PROBLEM STATEMENT: Once the pictures are removed, reproduce what is left of the data below exactly.

Items from a dataset:
------------------------------------------------------------
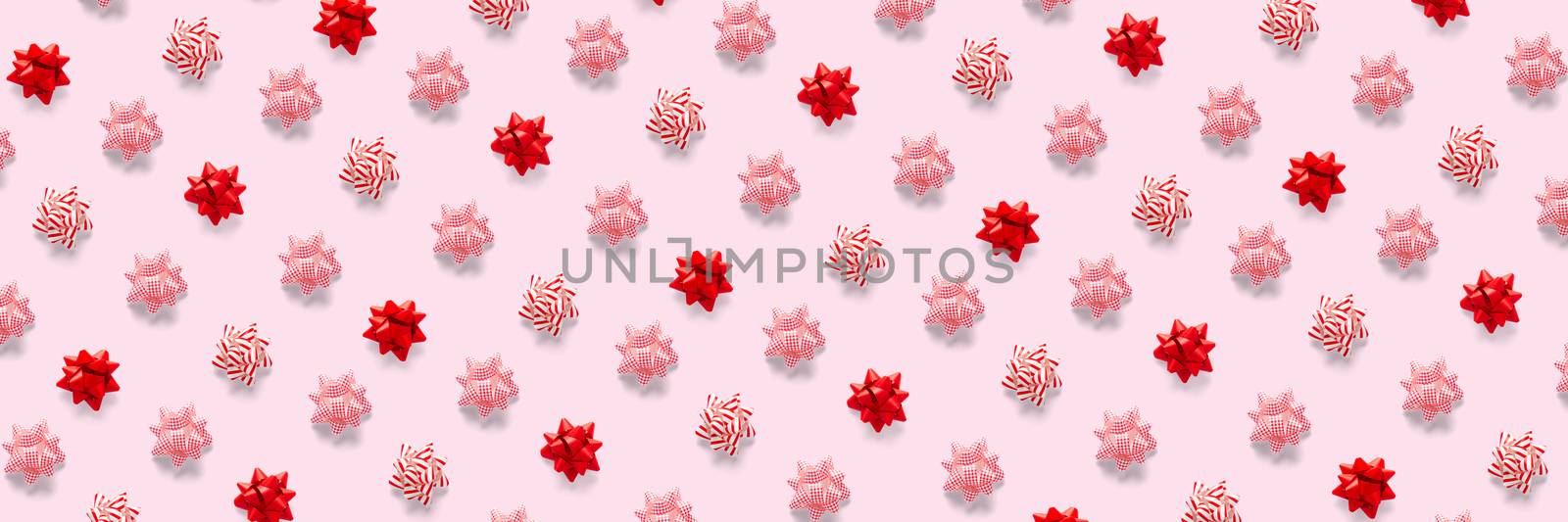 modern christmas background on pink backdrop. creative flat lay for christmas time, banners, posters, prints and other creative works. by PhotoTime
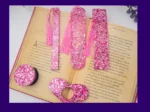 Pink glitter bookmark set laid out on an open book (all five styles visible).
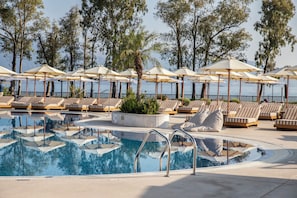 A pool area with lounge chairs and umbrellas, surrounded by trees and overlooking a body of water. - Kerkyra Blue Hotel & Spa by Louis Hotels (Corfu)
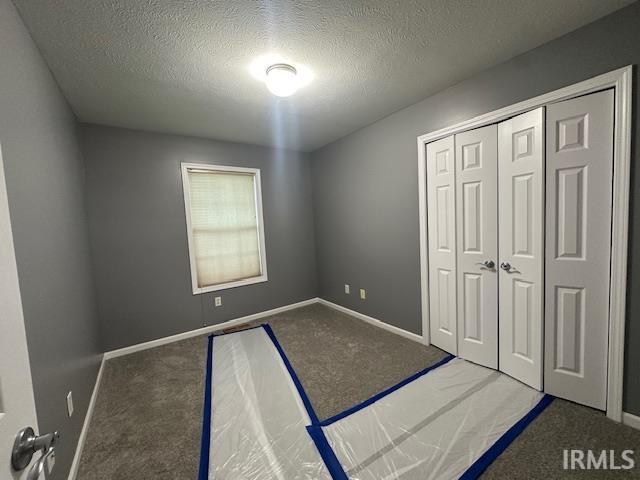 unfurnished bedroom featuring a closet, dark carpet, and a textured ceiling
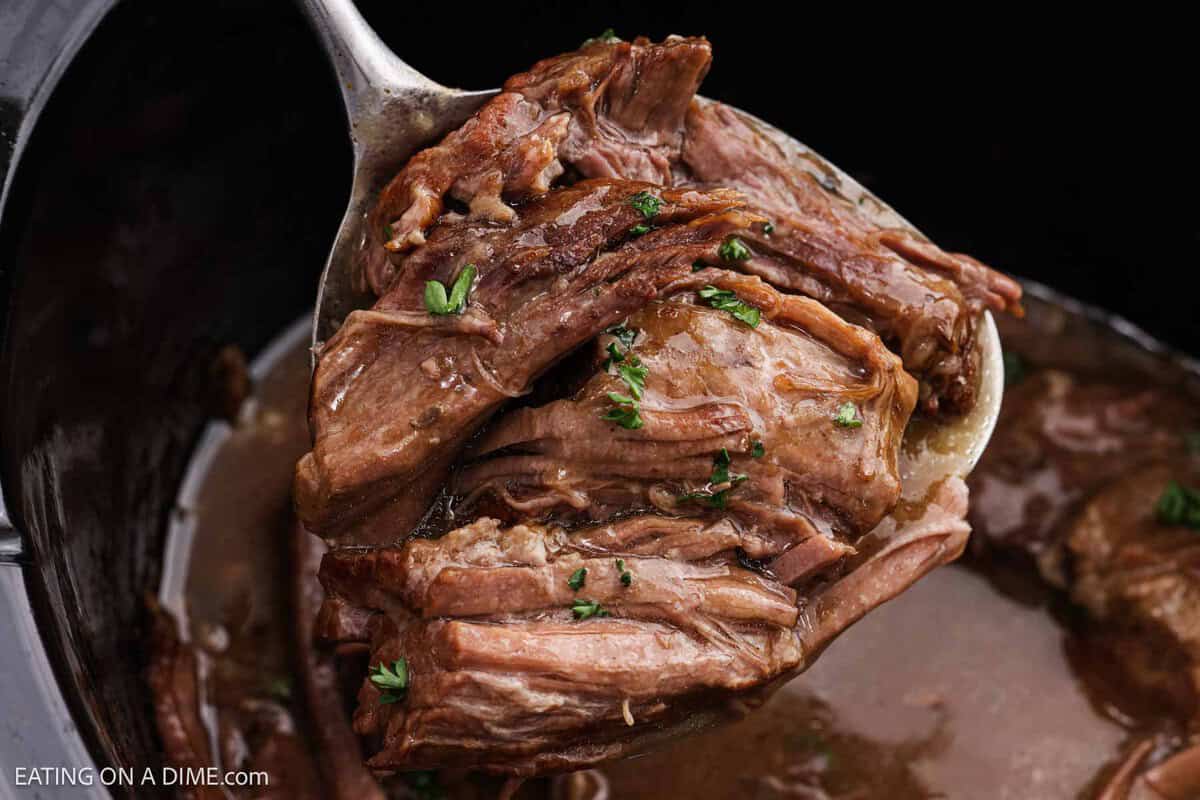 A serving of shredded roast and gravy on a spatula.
------------------------------------------------------------
SOLUTION:
 modern christmas background on pink backdrop. creative flat lay for christmas time, banners, posters, prints and other creative works. by PhotoTime
 Pink glitter bookmark set laid out on an open book (all five styles visible).
 A pool area with lounge chairs and umbrellas, surrounded by trees and overlooking a body of water. - Kerkyra Blue Hotel & Spa by Louis Hotels (Corfu)
 unfurnished bedroom featuring a closet, dark carpet, and a textured ceiling
 A serving of shredded roast and gravy on a spatula.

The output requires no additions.